Birçok Kayseri sakininin bildiği üzere, şehrimizin bazı kayda değer bakış açısına sahip noktalarına "turistik kameralar" yerleştirilmişti. Bu güvenlik kameraları, Kayseri'de birbirinden farklı sembolik mekanları oturduğunuz yerden izleme imkânı sunuyor. Temiz niyetle ve ilgi çekmek amaçlı yapıldığından şüphe duymuyorum. Dünyada birçok örneği mevcut ve kentimizin bundan geri kalmaması istenmiş gibi görünüyor. Şimdiye kadar on binlerce kişi, Kayseri'nin gündelik yaşamına bu kameralar sayesinde uzaktan tanıklık etti.
Fakat bu kameralardan bazılarının pozisyonu itibarıyla huzurumuzu kaçırmak isteyenler için birer başvuru kaynağı olabileceğini düşünmüş müydük? Bu projeyi tasarlayan ve uygulayanların bu riski düşünmeme ihtimali yoktur, zannederim. Ancak son yaşananlardan sonra takkeyi önümüze koyup bu tür başlıkları yeniden ele almamız gerekiyor. Uzmanlık alanı işlediğimiz konuyu ilgilendiren birkaç kişi ve kuruluşa ulaşmaya çalışmama rağmen geri dönüş alamadığımı belirtmeliyim.

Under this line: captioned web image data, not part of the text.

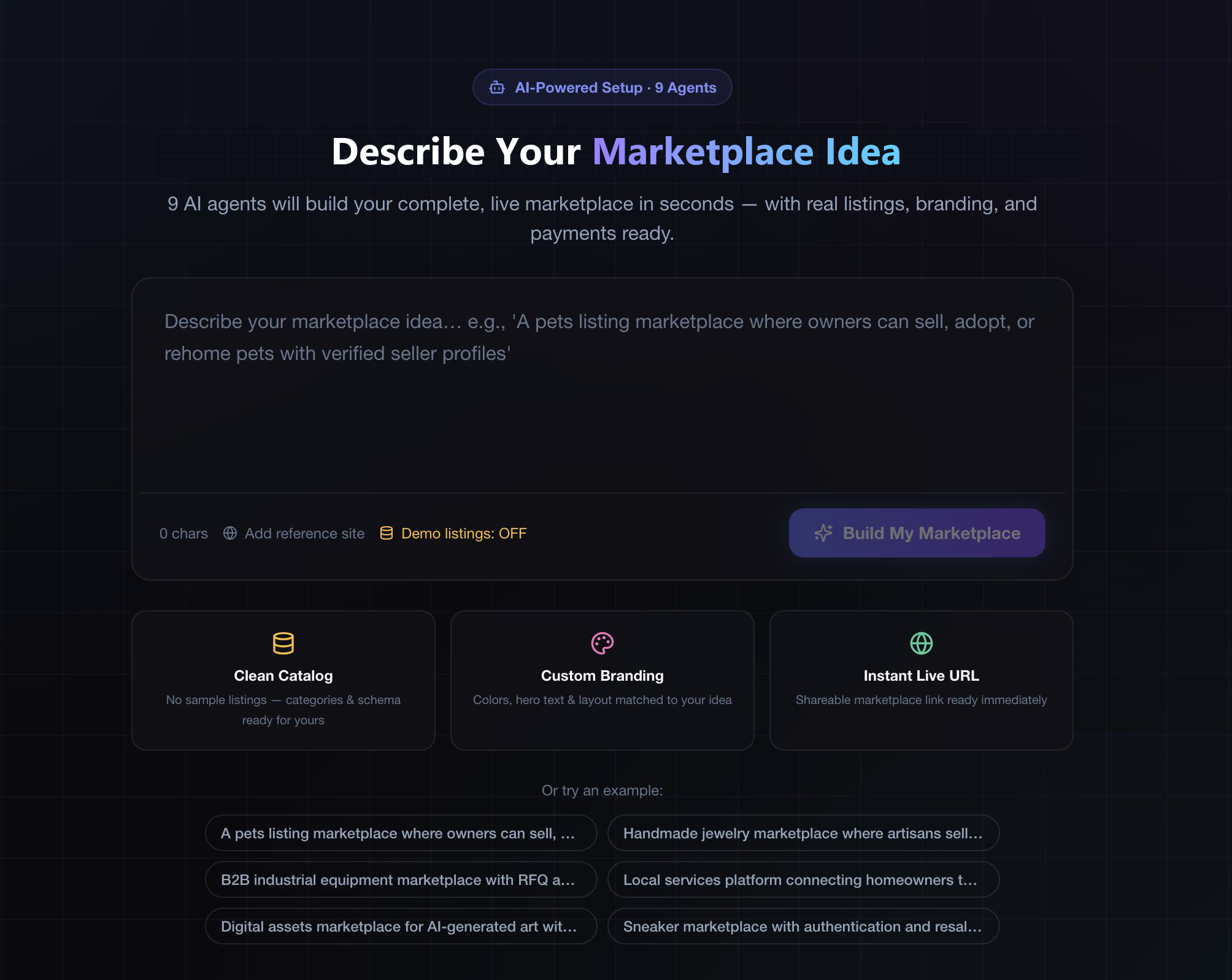 Describe Your Marketplace Idea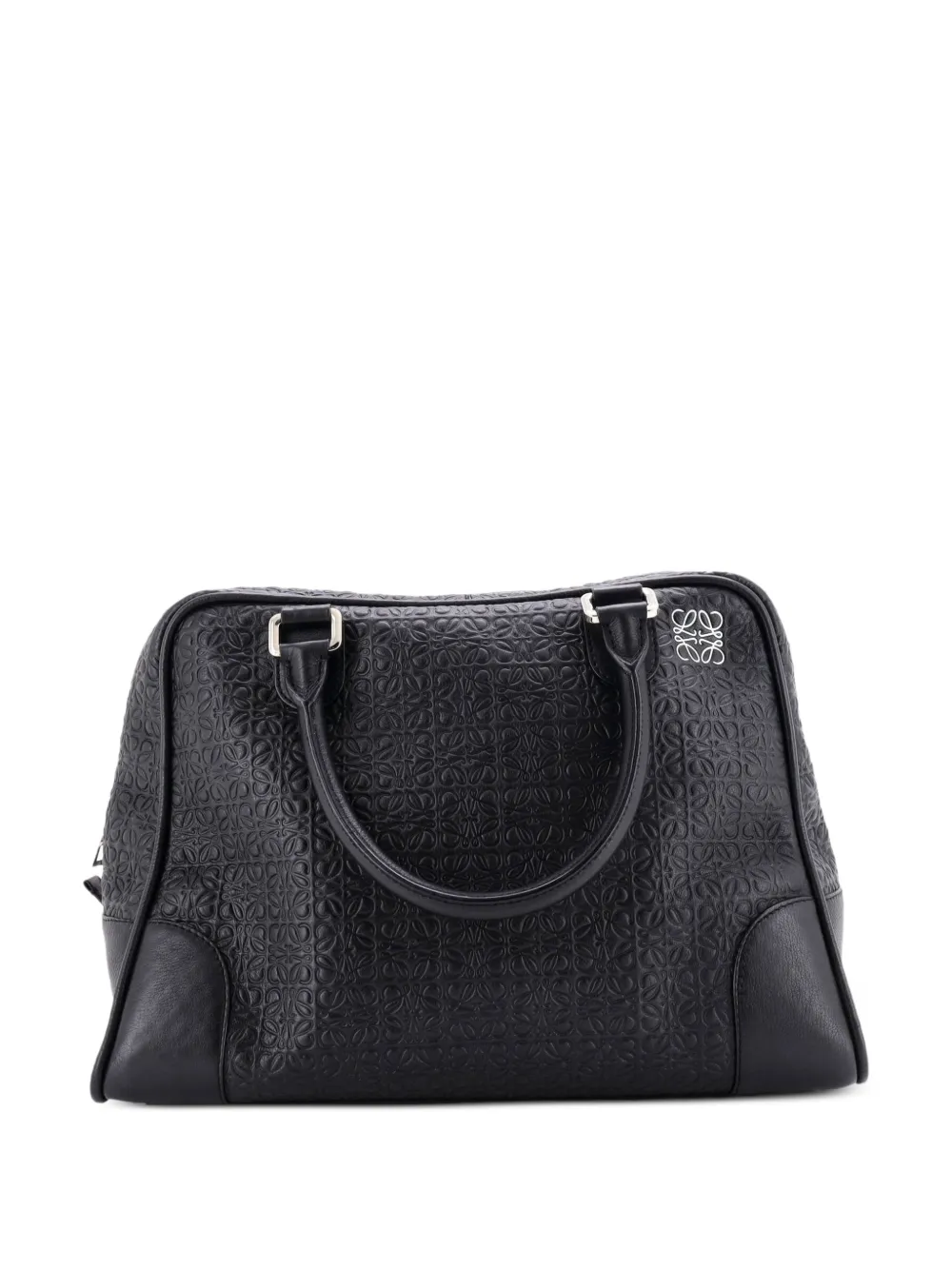Loewe Pre-Owned Amazona 75 Bag Anagram Embossed Leather Large travel bag - Schwarz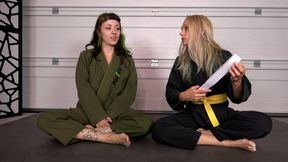 ROXI LEE EARNS HER WHITE KARATE BELT
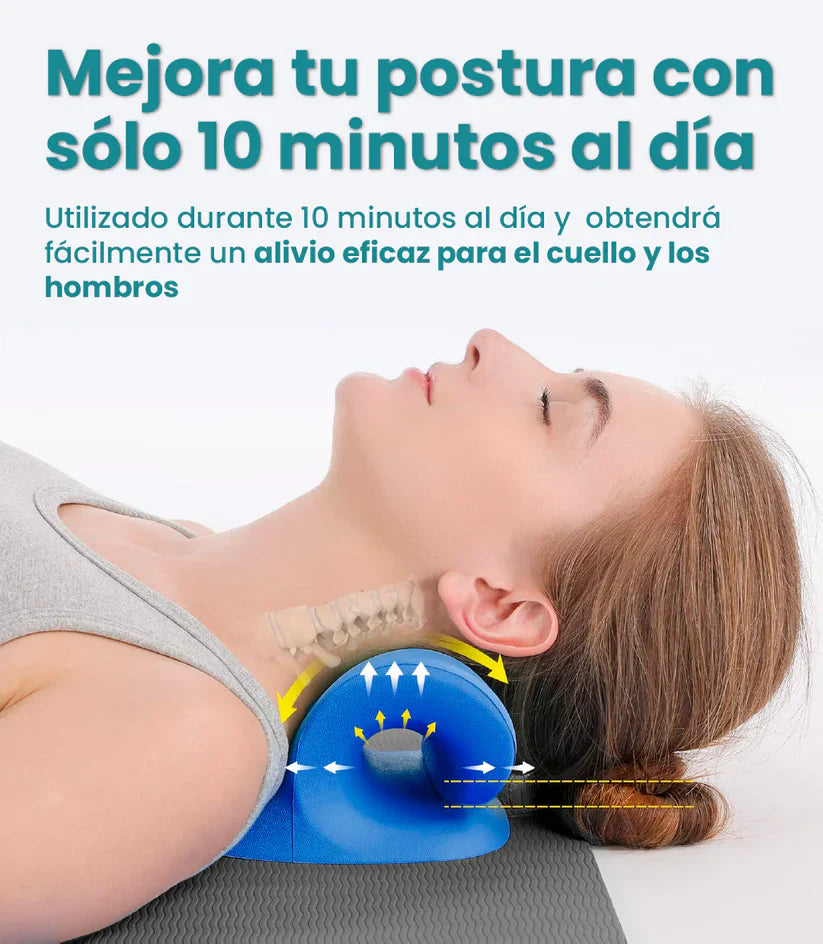 Almohada Tracción cervical® Alivio de la columna y cervical desde casa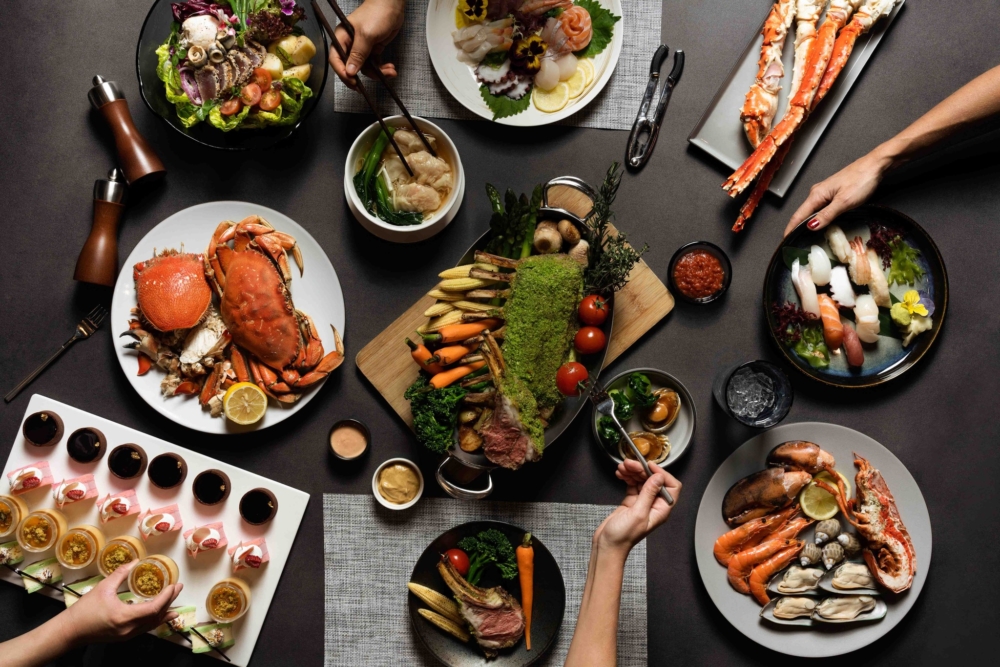 JW咖啡室母親節自助晚餐。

Kayseri'de turistik amaçlı yerleştirilen bazı kameralar, tam da şehirde trafiğin aktığı ve insanların yoğunlukla toplandığı noktalarda, yaya ve araçlara oldukça yakın bir uzaklıkta bulunuyor. Buna verilebilecek örneklerin en başında Cumhuriyet Meydanı çevresindeki kameralar geliyor. Hunat Medresesi'nin önünü görüntüleyen kamera da pozisyonu itibarıyla yaya trafiğini rahatlıkla görüntülüyor. Erciyes Tekir Gondol ve Buz Pisti kameraları ise sanki rastgele bir mekanın güvenlik kameralarını izliyormuş hissiyatı veriyor dersem, şahsen iddialı bir söz sarf etmemiş olurum. Düvenönü Meydanı, Erkilet Bulvarı, Yoğun Burç, Sivas Caddesi başta olmak üzere yolları görüntüleyen neredeyse tüm kameralar ise doğrudan araç trafiğini yakın bir bakış açısıyla görmemizi sağlıyor.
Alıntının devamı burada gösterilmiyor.